This study investigates how the sample complexity of autoregressive language models for learning input-to-output mappings scales with generation length \(T\) under different supervision paradigms. Within the PAC learning framework, the authors develop a formal model of autoregressive reasoning using combinatorial and theoretical analysis, systematically comparing end-to-end supervision—where only the final output is provided—with chain-of-thought (CoT) supervision, which supplies the full reasoning trajectory. Their results demonstrate that under end-to-end supervision, sample complexity can grow arbitrarily between constant and linear in \(T\), whereas CoT supervision entirely eliminates dependence on \(T\). This work nearly completely characterizes the relationship between sample complexity and generation length, resolving several open questions posed by Joshi et al.
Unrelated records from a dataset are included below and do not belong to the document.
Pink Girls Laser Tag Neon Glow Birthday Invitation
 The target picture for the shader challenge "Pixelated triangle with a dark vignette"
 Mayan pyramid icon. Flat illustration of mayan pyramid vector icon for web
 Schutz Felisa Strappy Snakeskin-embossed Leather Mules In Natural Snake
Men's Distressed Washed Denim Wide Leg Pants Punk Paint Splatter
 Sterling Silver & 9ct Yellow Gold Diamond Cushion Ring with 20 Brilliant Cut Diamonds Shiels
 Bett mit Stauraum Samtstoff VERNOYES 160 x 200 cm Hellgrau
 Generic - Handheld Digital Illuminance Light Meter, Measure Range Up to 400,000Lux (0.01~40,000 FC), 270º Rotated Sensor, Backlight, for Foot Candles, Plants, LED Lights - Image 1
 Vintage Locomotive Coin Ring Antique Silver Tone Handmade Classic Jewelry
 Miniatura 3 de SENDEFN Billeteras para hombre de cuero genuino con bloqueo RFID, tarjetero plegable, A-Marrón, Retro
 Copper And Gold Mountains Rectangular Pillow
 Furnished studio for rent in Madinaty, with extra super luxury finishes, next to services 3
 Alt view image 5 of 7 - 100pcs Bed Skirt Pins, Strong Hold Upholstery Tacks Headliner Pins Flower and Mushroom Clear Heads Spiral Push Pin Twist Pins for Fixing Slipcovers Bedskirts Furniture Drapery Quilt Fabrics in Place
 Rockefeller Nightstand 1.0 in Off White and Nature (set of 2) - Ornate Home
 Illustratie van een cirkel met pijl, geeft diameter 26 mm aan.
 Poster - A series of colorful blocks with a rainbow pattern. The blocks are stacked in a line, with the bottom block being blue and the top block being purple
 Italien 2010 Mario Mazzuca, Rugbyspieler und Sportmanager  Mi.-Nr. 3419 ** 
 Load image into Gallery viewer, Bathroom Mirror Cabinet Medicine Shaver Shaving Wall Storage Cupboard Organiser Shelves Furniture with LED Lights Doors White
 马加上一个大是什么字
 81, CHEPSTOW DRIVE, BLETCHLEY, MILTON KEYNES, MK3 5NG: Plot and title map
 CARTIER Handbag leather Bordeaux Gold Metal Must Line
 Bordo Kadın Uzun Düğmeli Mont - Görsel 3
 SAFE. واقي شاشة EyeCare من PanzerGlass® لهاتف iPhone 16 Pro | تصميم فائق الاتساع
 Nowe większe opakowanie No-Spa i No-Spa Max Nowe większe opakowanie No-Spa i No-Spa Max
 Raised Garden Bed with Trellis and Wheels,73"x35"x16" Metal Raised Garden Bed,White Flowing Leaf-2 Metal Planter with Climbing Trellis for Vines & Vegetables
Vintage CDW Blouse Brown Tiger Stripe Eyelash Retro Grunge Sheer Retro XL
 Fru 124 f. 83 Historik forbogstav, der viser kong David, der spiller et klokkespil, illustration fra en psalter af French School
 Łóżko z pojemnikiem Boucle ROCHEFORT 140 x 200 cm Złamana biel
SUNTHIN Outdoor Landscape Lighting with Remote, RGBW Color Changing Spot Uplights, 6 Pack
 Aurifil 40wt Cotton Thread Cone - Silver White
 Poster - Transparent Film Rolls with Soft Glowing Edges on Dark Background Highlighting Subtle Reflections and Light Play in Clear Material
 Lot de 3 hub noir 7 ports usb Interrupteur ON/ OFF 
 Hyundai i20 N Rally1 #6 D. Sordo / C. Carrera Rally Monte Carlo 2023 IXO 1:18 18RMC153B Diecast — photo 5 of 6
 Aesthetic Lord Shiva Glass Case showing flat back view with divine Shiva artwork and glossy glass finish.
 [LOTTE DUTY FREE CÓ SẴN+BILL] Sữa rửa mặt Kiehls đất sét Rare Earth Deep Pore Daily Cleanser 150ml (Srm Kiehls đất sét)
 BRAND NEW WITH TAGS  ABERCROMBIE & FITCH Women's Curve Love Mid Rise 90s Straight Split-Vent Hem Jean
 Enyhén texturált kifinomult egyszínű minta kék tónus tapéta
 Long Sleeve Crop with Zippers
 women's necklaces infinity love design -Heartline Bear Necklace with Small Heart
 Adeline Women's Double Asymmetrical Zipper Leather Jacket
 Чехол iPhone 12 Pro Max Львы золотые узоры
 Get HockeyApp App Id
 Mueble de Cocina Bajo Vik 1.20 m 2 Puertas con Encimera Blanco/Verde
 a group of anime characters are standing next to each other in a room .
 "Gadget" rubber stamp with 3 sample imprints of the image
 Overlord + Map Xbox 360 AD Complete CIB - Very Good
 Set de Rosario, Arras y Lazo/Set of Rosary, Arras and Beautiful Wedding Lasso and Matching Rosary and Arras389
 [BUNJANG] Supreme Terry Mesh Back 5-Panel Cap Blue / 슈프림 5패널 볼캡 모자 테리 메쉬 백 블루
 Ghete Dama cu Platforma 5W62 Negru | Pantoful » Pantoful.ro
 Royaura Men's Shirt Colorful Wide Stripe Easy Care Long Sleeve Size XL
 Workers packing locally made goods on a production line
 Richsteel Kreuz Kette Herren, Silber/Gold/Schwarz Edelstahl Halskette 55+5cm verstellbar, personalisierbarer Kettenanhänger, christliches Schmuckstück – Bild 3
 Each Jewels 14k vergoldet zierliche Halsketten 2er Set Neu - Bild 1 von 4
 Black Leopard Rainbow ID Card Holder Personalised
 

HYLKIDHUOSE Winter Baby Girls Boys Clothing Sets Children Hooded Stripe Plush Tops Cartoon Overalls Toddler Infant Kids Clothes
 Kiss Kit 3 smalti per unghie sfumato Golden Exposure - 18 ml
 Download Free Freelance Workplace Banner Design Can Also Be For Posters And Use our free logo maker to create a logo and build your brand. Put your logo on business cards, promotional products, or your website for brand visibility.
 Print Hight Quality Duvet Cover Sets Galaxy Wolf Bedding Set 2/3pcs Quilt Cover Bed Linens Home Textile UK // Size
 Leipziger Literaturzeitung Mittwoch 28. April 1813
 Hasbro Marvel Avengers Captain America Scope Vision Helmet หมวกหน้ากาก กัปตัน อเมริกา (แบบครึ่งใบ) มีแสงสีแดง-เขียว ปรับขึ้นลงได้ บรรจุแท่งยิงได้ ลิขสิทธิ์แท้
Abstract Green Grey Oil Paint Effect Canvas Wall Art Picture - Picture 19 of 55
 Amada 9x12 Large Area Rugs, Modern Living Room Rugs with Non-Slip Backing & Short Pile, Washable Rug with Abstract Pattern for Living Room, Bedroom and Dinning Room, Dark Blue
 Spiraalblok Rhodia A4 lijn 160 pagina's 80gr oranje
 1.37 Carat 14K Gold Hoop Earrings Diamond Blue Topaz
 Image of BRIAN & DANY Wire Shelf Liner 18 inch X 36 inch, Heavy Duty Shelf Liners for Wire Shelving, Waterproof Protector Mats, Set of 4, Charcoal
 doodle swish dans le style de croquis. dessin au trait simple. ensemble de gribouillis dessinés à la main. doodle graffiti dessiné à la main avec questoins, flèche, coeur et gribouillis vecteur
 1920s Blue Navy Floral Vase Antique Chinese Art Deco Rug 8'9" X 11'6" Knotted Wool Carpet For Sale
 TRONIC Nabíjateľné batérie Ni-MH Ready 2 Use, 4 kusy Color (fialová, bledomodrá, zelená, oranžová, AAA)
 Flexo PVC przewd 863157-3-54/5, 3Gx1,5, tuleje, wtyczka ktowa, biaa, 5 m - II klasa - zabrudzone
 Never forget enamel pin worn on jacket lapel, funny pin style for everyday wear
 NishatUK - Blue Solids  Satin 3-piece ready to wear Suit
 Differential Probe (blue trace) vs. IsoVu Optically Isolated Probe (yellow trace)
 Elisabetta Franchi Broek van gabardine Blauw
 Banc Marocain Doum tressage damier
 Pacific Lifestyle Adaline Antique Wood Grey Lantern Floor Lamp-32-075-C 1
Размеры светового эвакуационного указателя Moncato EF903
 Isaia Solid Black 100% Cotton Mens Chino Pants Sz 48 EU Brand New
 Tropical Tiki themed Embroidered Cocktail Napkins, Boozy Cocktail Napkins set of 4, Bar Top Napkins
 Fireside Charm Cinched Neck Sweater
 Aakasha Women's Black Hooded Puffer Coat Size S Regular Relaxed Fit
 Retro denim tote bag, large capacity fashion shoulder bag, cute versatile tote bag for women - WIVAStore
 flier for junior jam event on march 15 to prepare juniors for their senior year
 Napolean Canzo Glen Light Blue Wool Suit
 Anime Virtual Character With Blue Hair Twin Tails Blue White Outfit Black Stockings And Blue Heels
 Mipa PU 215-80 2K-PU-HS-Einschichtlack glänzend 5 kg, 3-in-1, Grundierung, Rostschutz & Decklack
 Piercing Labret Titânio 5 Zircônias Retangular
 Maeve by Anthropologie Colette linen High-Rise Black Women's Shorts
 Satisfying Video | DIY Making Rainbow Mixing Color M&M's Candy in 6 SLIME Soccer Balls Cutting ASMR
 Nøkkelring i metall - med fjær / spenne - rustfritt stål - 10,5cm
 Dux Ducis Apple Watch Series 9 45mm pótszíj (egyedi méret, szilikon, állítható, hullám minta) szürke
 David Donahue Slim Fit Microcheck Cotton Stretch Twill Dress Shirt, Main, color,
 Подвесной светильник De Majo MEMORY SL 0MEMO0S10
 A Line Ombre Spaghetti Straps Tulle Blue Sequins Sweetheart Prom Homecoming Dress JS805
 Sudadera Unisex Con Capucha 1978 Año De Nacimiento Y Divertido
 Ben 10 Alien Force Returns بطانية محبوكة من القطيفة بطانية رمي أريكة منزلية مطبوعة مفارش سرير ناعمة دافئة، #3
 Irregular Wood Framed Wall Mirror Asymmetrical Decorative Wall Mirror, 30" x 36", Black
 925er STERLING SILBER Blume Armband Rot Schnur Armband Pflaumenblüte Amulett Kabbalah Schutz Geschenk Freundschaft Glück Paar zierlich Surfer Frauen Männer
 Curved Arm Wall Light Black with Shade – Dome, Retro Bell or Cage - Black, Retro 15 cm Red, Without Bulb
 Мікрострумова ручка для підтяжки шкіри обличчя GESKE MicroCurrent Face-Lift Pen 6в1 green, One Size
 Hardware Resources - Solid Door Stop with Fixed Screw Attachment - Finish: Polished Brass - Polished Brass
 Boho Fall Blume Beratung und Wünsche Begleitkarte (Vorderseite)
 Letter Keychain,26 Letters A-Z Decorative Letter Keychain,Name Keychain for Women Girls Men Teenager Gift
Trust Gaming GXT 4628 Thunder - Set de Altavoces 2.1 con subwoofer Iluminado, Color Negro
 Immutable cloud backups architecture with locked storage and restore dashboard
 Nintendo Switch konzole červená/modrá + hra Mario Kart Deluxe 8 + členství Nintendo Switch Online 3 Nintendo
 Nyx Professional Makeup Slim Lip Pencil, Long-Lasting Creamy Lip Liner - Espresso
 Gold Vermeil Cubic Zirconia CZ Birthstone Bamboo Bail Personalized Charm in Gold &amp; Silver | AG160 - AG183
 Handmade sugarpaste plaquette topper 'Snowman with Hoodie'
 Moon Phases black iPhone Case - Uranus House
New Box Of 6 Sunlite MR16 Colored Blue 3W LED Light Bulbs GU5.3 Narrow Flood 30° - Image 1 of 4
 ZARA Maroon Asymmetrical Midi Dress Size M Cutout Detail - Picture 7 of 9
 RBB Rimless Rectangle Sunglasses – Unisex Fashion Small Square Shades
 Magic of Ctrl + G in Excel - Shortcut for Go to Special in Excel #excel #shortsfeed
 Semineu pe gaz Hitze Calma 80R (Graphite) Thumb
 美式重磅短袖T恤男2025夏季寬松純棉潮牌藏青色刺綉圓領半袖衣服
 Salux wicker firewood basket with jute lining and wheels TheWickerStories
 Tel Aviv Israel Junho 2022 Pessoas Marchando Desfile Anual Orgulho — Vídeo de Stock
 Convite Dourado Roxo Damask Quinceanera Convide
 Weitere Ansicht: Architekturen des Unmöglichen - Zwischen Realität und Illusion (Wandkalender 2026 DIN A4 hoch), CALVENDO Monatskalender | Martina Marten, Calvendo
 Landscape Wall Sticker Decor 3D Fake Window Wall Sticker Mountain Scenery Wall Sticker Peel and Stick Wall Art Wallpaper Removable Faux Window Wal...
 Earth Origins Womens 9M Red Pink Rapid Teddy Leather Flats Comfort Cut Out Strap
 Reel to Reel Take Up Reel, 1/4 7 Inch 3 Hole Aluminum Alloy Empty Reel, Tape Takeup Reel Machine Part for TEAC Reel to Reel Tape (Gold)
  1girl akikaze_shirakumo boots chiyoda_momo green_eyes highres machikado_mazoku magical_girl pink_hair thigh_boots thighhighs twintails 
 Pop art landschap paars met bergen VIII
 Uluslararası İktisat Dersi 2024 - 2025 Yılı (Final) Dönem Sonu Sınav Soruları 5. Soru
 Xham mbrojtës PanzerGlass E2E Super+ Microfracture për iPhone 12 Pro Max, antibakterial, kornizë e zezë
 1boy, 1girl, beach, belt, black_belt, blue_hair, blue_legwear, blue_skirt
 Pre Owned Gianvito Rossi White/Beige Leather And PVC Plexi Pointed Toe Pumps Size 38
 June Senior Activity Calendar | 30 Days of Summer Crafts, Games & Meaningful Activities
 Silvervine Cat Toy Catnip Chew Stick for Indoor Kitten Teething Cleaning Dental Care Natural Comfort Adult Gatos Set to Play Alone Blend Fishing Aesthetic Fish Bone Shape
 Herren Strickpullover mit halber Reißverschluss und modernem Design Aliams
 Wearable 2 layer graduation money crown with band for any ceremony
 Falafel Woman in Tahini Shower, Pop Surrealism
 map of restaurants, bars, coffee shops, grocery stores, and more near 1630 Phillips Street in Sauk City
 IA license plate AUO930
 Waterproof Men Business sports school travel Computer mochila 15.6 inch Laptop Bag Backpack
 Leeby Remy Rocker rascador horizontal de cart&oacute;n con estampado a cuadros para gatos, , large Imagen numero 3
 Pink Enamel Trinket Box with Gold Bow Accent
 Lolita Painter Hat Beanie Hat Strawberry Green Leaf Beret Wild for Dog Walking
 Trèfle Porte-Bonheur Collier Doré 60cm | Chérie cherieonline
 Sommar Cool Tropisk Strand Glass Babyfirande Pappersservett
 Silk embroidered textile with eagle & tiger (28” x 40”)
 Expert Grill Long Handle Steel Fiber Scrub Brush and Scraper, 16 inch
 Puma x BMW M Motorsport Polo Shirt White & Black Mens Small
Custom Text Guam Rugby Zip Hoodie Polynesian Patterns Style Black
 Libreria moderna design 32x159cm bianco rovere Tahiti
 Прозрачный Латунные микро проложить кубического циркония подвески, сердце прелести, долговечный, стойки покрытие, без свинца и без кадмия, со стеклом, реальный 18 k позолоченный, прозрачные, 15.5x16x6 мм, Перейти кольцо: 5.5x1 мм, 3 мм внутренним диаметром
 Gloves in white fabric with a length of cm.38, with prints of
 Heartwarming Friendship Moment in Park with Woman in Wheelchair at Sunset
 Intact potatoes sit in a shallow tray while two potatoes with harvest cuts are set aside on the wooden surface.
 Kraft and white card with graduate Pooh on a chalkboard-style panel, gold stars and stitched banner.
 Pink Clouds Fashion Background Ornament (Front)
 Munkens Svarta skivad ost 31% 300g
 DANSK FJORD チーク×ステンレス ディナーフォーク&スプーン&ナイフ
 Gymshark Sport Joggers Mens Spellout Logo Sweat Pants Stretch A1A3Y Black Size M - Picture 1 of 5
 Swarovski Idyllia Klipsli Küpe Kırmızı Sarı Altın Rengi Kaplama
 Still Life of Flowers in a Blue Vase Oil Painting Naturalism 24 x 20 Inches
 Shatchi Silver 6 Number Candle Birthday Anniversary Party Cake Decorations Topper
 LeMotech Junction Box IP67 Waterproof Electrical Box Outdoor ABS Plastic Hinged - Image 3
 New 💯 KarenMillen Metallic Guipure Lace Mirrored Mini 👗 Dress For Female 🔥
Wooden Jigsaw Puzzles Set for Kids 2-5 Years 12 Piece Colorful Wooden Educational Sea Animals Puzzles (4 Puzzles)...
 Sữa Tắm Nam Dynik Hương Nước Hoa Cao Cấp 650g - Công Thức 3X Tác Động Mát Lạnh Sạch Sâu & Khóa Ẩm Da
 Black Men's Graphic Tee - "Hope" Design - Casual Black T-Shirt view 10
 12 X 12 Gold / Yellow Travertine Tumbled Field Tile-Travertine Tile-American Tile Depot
Modern large language models generate text autoregressively, producing tokens one at a time. To study the learnability of such systems, Joshi et al. (COLT 2025) introduced a PAC-learning framework for next-token generators, the primitive underlying autoregressive models. In this framework, an unknown next-token generator maps a sequence of tokens to the next token and is iteratively applied for $T$ steps, producing a chain of tokens whose final token constitutes the model's output. The learning task is to learn the input-output mapping induced by this autoregressive process. Depending on the available supervision, training examples may reveal only the final output (End-to-End supervision) or the entire generated chain (Chain-of-Thought supervision). This raises two natural questions: how the sample complexity depends on the generation length $T$, and how much Chain-of-Thought supervision can reduce this dependence. In this work we give a nearly complete answer to both questions by uncovering a taxonomy of how the sample complexity scales with $T$. For End-to-End learning, we show that the landscape is remarkably rich: subject to mild conditions, essentially any growth rate $r(T)$ between constant and linear can arise as the sample complexity, and combined with the linear upper bound of Joshi et al., this yields an essentially complete characterization. In contrast, under Chain-of-Thought supervision we show that the sample complexity is independent of $T$, demonstrating that access to intermediate reasoning steps can eliminate the dependence on the generation length altogether. Our analysis introduces new combinatorial tools, and as corollaries we resolve several open questions posed by Joshi et al. regarding the dependence of learnability on the generation length and the role of Chain-of-Thought supervision.